START RECORDS TO PROCESS

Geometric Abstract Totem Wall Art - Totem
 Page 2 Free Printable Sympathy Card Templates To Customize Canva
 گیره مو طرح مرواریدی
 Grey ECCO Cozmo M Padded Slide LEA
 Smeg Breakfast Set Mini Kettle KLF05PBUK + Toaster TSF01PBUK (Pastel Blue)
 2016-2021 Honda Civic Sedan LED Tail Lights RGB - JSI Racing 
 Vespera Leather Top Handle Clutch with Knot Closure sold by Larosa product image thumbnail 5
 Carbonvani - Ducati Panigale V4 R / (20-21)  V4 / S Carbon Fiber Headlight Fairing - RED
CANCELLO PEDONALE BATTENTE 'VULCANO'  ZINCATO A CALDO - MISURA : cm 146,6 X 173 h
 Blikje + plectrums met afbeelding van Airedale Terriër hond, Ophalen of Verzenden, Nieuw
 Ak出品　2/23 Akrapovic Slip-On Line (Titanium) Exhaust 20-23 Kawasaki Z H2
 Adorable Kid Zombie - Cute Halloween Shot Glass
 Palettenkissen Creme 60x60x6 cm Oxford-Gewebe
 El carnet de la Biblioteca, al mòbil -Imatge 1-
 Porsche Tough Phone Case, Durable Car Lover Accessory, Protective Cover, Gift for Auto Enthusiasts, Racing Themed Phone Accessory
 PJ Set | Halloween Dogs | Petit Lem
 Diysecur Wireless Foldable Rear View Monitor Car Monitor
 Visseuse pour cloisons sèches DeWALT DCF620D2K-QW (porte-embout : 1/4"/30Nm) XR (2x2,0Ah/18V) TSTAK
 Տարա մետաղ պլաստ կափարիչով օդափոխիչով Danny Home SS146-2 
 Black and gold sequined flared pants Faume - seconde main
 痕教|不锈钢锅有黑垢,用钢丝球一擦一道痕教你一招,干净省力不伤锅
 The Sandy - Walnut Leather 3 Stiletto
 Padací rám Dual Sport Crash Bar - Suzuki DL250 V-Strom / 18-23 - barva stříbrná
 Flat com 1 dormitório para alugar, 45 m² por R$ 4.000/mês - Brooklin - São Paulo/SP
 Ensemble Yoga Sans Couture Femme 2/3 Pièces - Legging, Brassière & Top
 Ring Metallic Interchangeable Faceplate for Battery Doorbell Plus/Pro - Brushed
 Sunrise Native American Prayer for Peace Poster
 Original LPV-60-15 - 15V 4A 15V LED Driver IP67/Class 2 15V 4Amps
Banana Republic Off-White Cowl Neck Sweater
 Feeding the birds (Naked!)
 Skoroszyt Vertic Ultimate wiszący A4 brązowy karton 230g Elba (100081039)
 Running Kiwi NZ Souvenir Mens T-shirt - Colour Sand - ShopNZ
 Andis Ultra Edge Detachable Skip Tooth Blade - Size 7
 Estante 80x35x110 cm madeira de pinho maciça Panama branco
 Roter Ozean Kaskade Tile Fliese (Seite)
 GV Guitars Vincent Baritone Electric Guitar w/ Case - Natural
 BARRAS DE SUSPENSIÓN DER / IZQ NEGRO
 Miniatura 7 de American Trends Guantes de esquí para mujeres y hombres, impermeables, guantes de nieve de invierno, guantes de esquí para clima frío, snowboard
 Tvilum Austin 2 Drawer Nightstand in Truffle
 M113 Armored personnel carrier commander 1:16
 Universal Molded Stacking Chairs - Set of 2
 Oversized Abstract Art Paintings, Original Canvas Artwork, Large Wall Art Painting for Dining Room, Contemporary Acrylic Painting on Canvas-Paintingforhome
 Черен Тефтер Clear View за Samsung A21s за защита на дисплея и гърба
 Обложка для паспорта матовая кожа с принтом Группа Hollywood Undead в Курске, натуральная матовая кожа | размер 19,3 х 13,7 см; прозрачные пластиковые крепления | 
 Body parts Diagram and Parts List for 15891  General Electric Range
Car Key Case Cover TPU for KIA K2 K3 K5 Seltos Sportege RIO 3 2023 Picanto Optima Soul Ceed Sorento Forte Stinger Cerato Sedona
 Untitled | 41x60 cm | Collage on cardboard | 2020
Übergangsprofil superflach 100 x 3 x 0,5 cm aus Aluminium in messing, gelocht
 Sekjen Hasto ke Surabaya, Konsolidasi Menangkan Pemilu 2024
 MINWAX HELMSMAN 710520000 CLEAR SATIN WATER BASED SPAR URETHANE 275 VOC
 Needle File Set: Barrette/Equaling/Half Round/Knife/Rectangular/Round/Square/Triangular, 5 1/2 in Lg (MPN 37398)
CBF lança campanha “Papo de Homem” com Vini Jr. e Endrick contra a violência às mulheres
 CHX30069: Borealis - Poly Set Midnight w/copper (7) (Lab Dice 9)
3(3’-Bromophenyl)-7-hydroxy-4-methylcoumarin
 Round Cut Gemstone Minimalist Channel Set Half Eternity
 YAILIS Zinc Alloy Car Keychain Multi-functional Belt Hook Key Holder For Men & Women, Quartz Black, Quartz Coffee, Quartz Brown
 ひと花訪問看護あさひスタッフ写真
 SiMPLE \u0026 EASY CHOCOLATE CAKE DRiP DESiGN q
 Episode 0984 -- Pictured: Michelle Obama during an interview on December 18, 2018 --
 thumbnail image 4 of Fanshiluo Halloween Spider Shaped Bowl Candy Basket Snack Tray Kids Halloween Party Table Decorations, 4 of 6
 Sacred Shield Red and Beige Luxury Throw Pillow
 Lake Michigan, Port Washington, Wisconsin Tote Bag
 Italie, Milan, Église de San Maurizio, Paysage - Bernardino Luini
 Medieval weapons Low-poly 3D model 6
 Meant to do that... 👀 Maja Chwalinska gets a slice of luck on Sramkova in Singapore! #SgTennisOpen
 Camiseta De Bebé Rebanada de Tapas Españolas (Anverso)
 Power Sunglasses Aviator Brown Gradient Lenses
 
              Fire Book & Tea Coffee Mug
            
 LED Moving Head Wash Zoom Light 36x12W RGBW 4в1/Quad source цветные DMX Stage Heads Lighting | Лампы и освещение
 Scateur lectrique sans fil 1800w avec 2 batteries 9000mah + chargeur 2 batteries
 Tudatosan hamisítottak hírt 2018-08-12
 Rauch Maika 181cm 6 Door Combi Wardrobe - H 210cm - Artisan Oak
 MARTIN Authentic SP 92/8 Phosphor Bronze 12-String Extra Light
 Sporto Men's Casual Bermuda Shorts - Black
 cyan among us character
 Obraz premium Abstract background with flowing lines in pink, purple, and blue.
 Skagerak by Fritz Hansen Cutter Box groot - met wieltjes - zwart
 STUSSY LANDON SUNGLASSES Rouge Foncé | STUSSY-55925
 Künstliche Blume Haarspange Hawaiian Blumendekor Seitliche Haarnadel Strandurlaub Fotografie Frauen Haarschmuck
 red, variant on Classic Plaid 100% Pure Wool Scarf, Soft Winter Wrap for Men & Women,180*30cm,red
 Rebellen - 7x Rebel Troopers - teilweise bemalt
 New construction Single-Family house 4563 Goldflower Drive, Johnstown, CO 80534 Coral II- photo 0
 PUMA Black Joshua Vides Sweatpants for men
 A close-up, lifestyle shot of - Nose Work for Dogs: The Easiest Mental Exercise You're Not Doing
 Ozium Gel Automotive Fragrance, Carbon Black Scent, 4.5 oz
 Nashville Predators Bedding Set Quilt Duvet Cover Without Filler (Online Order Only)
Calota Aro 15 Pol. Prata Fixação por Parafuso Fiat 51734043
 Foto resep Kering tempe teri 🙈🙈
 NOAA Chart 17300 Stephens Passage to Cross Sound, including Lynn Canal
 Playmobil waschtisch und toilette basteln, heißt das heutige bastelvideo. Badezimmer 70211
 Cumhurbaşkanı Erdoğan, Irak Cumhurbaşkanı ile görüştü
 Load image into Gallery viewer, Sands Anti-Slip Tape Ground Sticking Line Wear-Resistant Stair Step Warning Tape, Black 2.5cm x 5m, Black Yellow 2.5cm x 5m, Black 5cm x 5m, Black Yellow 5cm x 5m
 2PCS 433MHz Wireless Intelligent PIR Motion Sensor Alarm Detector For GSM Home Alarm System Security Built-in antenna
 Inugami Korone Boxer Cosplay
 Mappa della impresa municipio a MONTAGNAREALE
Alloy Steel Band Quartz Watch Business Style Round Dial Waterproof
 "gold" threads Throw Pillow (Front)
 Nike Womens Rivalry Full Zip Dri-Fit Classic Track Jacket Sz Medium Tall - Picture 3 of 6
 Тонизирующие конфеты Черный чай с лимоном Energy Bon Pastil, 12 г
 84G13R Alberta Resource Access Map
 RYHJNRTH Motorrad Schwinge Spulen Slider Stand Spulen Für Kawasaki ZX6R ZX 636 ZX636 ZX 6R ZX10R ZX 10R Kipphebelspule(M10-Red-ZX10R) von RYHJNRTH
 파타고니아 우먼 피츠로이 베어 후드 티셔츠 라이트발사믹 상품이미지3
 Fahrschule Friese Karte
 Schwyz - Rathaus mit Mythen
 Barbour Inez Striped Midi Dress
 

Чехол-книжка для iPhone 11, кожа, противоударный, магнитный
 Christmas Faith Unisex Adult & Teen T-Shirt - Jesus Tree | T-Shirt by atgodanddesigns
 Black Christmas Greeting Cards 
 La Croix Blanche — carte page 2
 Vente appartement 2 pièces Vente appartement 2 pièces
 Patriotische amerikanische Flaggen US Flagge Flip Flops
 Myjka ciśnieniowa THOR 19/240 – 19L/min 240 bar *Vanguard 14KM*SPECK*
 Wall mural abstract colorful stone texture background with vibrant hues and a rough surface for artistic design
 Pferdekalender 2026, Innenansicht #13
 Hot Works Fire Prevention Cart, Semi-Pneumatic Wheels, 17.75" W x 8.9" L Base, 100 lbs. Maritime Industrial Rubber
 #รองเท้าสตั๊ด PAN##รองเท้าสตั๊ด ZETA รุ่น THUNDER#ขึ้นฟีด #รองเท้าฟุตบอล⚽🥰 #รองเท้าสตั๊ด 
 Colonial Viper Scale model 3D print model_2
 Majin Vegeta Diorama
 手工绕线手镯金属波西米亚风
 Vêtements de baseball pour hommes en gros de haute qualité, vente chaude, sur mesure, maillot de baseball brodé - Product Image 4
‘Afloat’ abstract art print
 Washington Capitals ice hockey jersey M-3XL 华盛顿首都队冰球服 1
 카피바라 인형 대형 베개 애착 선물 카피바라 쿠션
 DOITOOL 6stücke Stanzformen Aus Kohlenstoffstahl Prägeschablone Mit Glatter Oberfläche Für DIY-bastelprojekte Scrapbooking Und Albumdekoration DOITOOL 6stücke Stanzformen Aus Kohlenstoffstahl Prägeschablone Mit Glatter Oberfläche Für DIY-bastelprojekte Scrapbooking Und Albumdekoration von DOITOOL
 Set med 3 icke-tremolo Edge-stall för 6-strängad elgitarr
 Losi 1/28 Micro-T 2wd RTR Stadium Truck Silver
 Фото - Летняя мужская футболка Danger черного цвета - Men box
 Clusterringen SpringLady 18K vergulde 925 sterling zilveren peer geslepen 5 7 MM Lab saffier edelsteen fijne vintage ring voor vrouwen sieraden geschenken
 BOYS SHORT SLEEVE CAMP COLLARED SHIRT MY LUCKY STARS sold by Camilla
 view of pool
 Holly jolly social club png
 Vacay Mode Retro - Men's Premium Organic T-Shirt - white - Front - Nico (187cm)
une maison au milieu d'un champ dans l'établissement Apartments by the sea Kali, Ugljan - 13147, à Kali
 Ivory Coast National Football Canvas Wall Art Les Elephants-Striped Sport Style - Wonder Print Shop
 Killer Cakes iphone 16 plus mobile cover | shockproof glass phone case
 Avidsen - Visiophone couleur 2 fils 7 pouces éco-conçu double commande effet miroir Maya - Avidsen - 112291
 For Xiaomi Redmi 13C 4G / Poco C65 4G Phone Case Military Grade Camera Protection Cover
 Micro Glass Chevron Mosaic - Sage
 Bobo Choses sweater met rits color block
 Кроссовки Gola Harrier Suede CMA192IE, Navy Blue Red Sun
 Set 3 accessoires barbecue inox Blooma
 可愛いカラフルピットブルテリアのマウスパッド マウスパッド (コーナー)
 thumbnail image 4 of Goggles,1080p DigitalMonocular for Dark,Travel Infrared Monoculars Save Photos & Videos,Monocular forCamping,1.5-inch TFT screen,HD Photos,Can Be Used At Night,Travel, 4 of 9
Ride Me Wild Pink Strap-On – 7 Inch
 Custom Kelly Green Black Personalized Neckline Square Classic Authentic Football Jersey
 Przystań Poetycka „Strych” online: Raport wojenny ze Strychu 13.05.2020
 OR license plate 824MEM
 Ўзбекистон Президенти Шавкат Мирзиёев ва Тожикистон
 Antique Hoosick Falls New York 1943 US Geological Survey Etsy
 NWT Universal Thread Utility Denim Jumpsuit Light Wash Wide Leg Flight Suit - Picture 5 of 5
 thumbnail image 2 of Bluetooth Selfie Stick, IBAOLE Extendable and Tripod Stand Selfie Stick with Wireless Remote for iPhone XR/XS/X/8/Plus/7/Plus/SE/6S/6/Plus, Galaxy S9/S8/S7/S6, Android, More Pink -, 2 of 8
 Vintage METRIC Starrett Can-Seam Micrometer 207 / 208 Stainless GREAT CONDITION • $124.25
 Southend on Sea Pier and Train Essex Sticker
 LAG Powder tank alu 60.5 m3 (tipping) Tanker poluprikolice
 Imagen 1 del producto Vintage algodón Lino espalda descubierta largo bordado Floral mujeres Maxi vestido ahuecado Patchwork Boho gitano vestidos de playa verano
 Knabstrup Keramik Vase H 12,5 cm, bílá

END RECORDS TO PROCESS

[EXERCISE DIRECTIONS] Nothing should appear in the answer except the lines above from the line with "BOYS SHORT SLEEVE" through the line with "LAG Powder tank", both included, written out exactly.

[EXERCISE OUTPUT]
 BOYS SHORT SLEEVE CAMP COLLARED SHIRT MY LUCKY STARS sold by Camilla
 view of pool
 Holly jolly social club png
 Vacay Mode Retro - Men's Premium Organic T-Shirt - white - Front - Nico (187cm)
une maison au milieu d'un champ dans l'établissement Apartments by the sea Kali, Ugljan - 13147, à Kali
 Ivory Coast National Football Canvas Wall Art Les Elephants-Striped Sport Style - Wonder Print Shop
 Killer Cakes iphone 16 plus mobile cover | shockproof glass phone case
 Avidsen - Visiophone couleur 2 fils 7 pouces éco-conçu double commande effet miroir Maya - Avidsen - 112291
 For Xiaomi Redmi 13C 4G / Poco C65 4G Phone Case Military Grade Camera Protection Cover
 Micro Glass Chevron Mosaic - Sage
 Bobo Choses sweater met rits color block
 Кроссовки Gola Harrier Suede CMA192IE, Navy Blue Red Sun
 Set 3 accessoires barbecue inox Blooma
 可愛いカラフルピットブルテリアのマウスパッド マウスパッド (コーナー)
 thumbnail image 4 of Goggles,1080p DigitalMonocular for Dark,Travel Infrared Monoculars Save Photos & Videos,Monocular forCamping,1.5-inch TFT screen,HD Photos,Can Be Used At Night,Travel, 4 of 9
Ride Me Wild Pink Strap-On – 7 Inch
 Custom Kelly Green Black Personalized Neckline Square Classic Authentic Football Jersey
 Przystań Poetycka „Strych” online: Raport wojenny ze Strychu 13.05.2020
 OR license plate 824MEM
 Ўзбекистон Президенти Шавкат Мирзиёев ва Тожикистон
 Antique Hoosick Falls New York 1943 US Geological Survey Etsy
 NWT Universal Thread Utility Denim Jumpsuit Light Wash Wide Leg Flight Suit - Picture 5 of 5
 thumbnail image 2 of Bluetooth Selfie Stick, IBAOLE Extendable and Tripod Stand Selfie Stick with Wireless Remote for iPhone XR/XS/X/8/Plus/7/Plus/SE/6S/6/Plus, Galaxy S9/S8/S7/S6, Android, More Pink -, 2 of 8
 Vintage METRIC Starrett Can-Seam Micrometer 207 / 208 Stainless GREAT CONDITION • $124.25
 Southend on Sea Pier and Train Essex Sticker
 LAG Powder tank alu 60.5 m3 (tipping) Tanker poluprikolice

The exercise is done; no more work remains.